In this section, we will get rid of the seasonal variations by looking at yearly means of the monthly data. To do this we will use the function “groupby.” Groupby is a function that operates on a dataframe that has many columns and pulls out groups of the data that have similarities. In this first interaction with the groupby function, we will group our data by year so that we can operate on those groups. The example below shows us grouping by year and getting the group of datapoints for the year 2001. Notice the dates on the output are all from 2001.

In [None]:
df_co2_grouped_year = df_co2.groupby('year')
df_co2_grouped_year.get_group(2001)

Unnamed: 0,year,month,monthly_average_co2,de-seasonalized_co2,time
514,2001.0,1.0,370.76,370.6,2001-01-01
515,2001.0,2.0,371.69,370.95,2001-02-01
516,2001.0,3.0,372.63,371.06,2001-03-01
517,2001.0,4.0,373.55,370.99,2001-04-01
518,2001.0,5.0,374.03,371.11,2001-05-01
519,2001.0,6.0,373.4,371.17,2001-06-01
520,2001.0,7.0,371.68,371.08,2001-07-01
521,2001.0,8.0,369.78,371.39,2001-08-01
522,2001.0,9.0,368.34,371.61,2001-09-01
523,2001.0,10.0,368.61,371.85,2001-10-01


 One reason groupby is so useful is that we can perform actions on this group of data that we pull out of our set.

##### **a)** Choose three years throughout the dataset to compare the average co2 concentration using the function mean() (see toolbox). What do you notice about the relationship between these concentrations?

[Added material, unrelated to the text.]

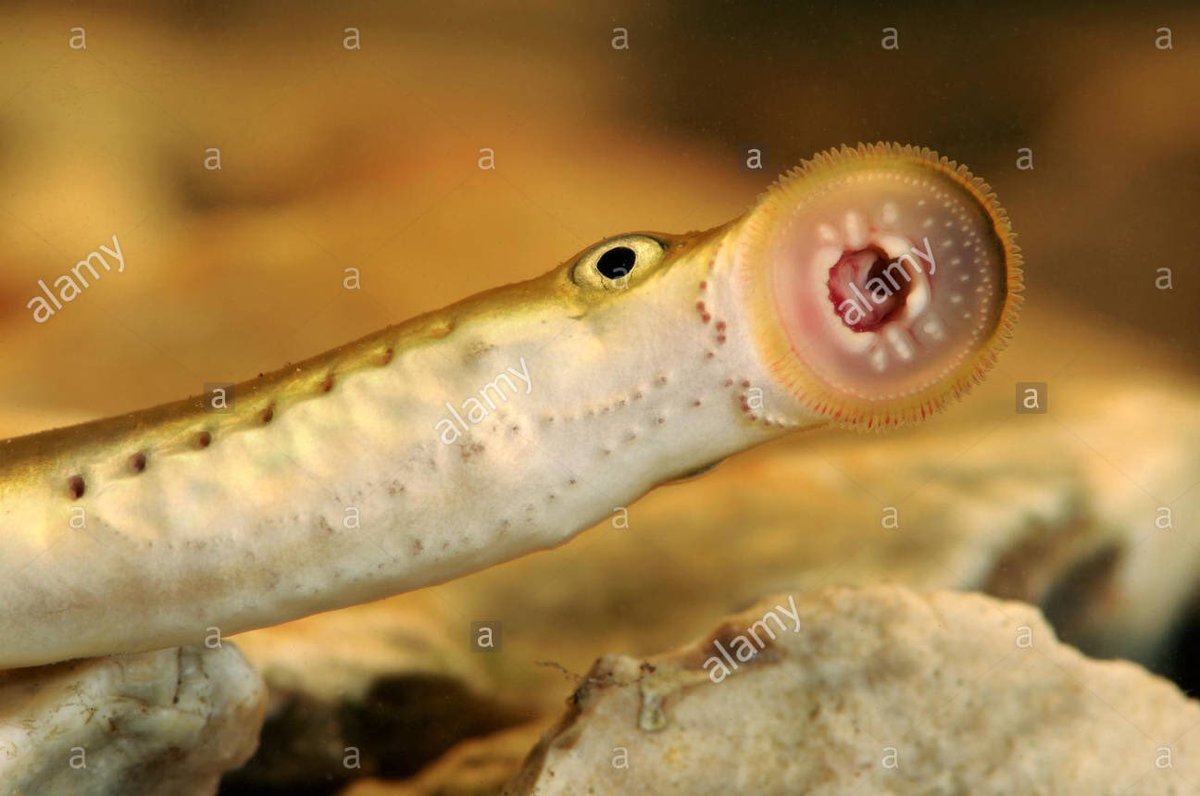 Brook lamprey is an amazing species. A primitive, jawless fish. It is non migratory and needs slow currents & clean gravel beds to spawn. It needs high levels of dissolved oxygen & soft marginal silts. Excess sediment from agricultural run off smothers the gravel it needs.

Instead of getting the group for a particular year, we can perform similar averaging operations on all of the groups. By doing the following.

In [None]:
df_co2_annual = df_co2.groupby('year')['monthly_average_co2'].mean()

##### **b)** What does df_co2_annual look like? What does each row represent? Visualize this dataframe with a plot.

#### **6)** Selecting Groups of Groupby Subsets

There are many different subsets of data that one could be interested in in a timeseries such as the CO<sub>2</sub> dataset we have been working with. Let's look at data from 2000 to 2011 to see what the recent CO<sub>2</sub> values look like. The following code selects a subset of the whole dataset. It does this by making a list of the years that you want to select. It then goes through each year in this list grabs all of the data in this year using groupby and adds it to our subset dataframe. In this code, you will only need to modify the year range that you want.


In [None]:
years = range(2000, 2011)  #make a list of years from 2000 up until not including 2011
df_subset = pd.DataFrame()  #make an empty data frame to put our new values in

#For loop to go through all of the years of interest, pull the data from those years and store it in our empty dataset
for i in years:
  df_subset = pd.concat([df_subset,df_co2.groupby('year').get_group(i)])

##### **a)** Plot the co2 datasets for the years between 2013 to 2023

#### **7)** Making Predictions

The dataframe that we generated in the last section on creating subsets is just like the dataframes we have been working with in both assignment 1 and the rest of this assignment. As such, we can perform a linear fit on it just as we have done with other dataframes


##### **a)** Chosing various subsets of the data, discuss how the rate of change of CO2 concentration has changed over time?


##### **b)** Predict the CO2 concentration in 2050. Explain how you did this and why you made the decisions that you did in your method. (There is not one correct way to do this.)